Ils ont fait le même rêve. Un rêve en forme d’ours et de drapeau rouge à croix-blanche. Logique: à New Bern (Nouvelle Berne) en Caroline du Nord, nos deux interlocuteurs ne connaissent que cela de la Suisse. Ou presque.
Peter Frey, 59 ans, a tout de même habité à Genève jusqu’à l’âge de trois ans, lorsque son père officiait en Europe comme cadre pour Caterpillar, la firme américaine d’engins de travaux publics. Caramia Valentin, 28 ans, nous bombarde pour sa part de questions sur la Suisse, dans son bureau aujourd’hui déserté, faute de journalistes et d’abonnés, du «New Bern Sun Journal», le quotidien local publié désormais trois fois par semaine, et en difficulté financière chronique. Peter et Caramia ne se connaissent pas. Mais ils partagent le même espoir: que les États-Unis sortent au plus vite de «l’enfer Harris-Trump». Moins de divisions, de colères et d’abus en tous genres: écologiques, sociaux, économiques. Avec, en plus, un vœu identique: en finir avec la spirale qu'ils dénoncent, celle de «l’abêtissement généralisé» de leur pays.

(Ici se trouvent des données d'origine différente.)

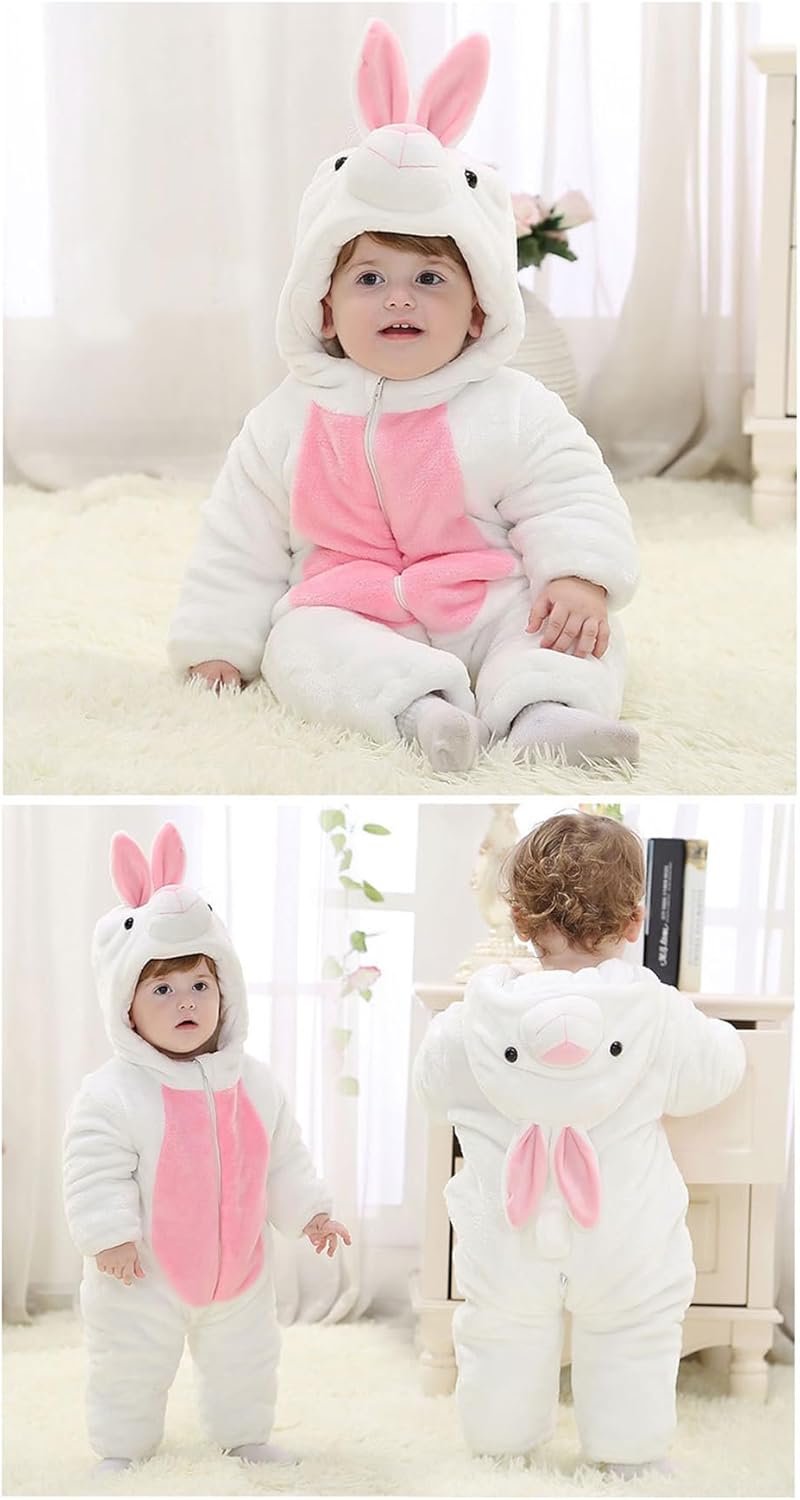 CuteOn Toddler Halloween Costume Onesie Cosplay Romper Christmas Infants Baby Costume White Bunny 12-18 Months - Image 5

Nous avons depuis notre départ de Naperville, au sud de Chicago, raconté la campagne présidentielle américaine à travers les yeux d’Américains ordinaires. Nous les avons souvent rencontrés chez eux, où les photos de famille côtoient, parfois, des tracts pour l’un ou l’autre candidat. Même exercice ici, dans cette ville de 30'000 habitants dont le nom est irrémédiablement associé à la Suisse et à sa capitale. New Bern est l’un des principaux ports fluviaux de Caroline du Nord, sur la très large rivière Meuse qui se déverse dans l’Atlantique. Elle est aussi l’ancienne capitale de cet État clé pour le scrutin du 5 novembre. Crée en 1710 par le baron de Graffenried, aristocrate bernois, la colonie de New Bern a participé à la fondation des États-Unis. Puis entre 1861 et 1865, la guerre civile entre sudistes et nordistes a failli l’emporter. Incendiée. Détruite. Pillée. Va-t-on trouver ici, alors que le pays est électoralement coupé en deux, des Américains capables de tirer les leçons de cette histoire?

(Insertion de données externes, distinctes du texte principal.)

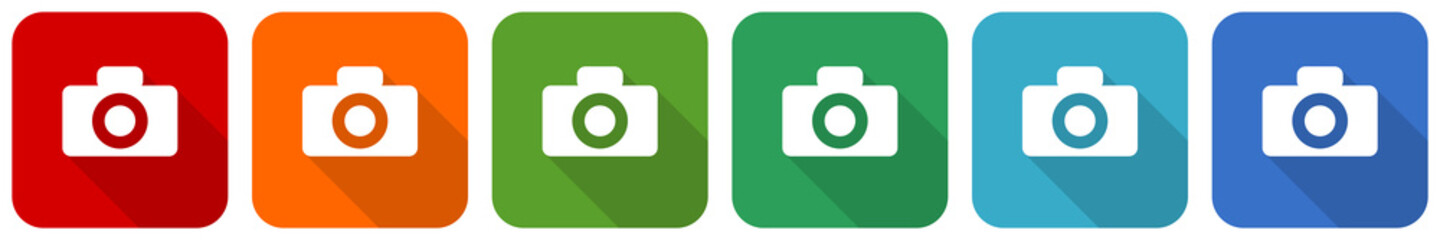 Poster - Camera icon set, flat design vector illustration in 6 colors options for webdesign and mobile applications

L’ours, mascotte incontournable
Jeffrey Odham nous reçoit dans son bureau du «City Hall». Le maire de New Bern ne connaît pas les rives de l’Aar. Sur l’ours bernois, ce cadre d’une société de peinture est en revanche incollable. Logique. L’ours est partout. Il est la mascotte de cette ville coquette. En plâtre. En ciment. En bois. En résine. L’âne est, aux États-Unis, l’emblème du parti démocrate de Kamala Harris. L’éléphant est celui des républicains, passés sous le contrôle de la famille Trump. A New Bern, l’ours est président à vie: «Le maire de Berne, en Suisse, est venu nous rencontrer.
A l’écouter, sa ville rime avec propreté, prospérité, neutralité. «C’est un excellent programme», sourit le président du conseil des sept «alderman» (échevins), qui gère la municipalité. Sauf que le consensus helvétique n’est pas de mise ici. Deux groupes s’opposent au sein du Conseil, comme un écho au duel Trump-Harris pour la Maison-Blanche.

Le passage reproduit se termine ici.